A Hidden Markov Model-Based Speech Recognition System Using Baum-Welch, Forward-Backward and Viterbi Algorithms
Benjamin Kommey, Ernest O. Addo, Elvis Tamakloe | Pages: 509-536 |

Abstract— Speech is the most complex part or component of human intelligence and for that matter speech signal processing is very important. The variability of speech is very high, and this makes speech recognition difficult. Other factors like dialects, speech duration, context dependency, different speech speed, speaker differentiation, environment and locality all add to the difficulty in speech processing. The absence of distinct boundaries between tones or words causes additional problems.

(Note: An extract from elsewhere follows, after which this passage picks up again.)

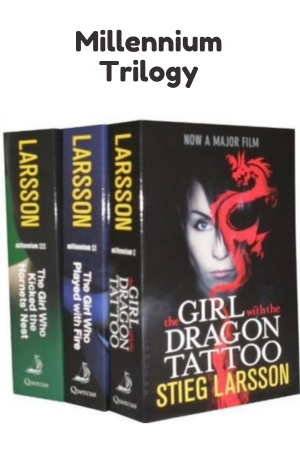 Stieg Larsson Collection: The Girl with the Dragon Tattoo, the Girl Who Kicked the Hornets' Nest, the Girl Who Played with Fire (Millennium Trilogy)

Speech has speaker dependent characteristics, so that no one can reproduce or repeat phrases in the same way as another. Nevertheless, a speech recognition system should be able to model and recognize the same words and phrases absolutely. Digital signal processors (DSP) are often used in speech signal processing systems to control these complexities. This paper presents a Hidden Markov Model (HMM) based speech signal modulation through the application of the Baum-Welch, Forward-Backward and Viterbi algorithms. The system was implemented using a 16-bit floating point DSP (TMS320C6701) from Texas instruments and the vocabulary was trained using the Microsoft Hidden Markov Model Toolkit (HTK). The proposed system achieved about 79% correct word recognition which represents approximately 11,804 correct words recognized out of a total of 14960 words provided. This result indicates that the proposed model accuracy and speaker independent system has a very good evaluation score, and thus can be used to aid dictation for speech impaired persons and applications in real time with a 10 ms data exchange rate.



DOI: http://doi.org/10.5455/jjee.204-1675950756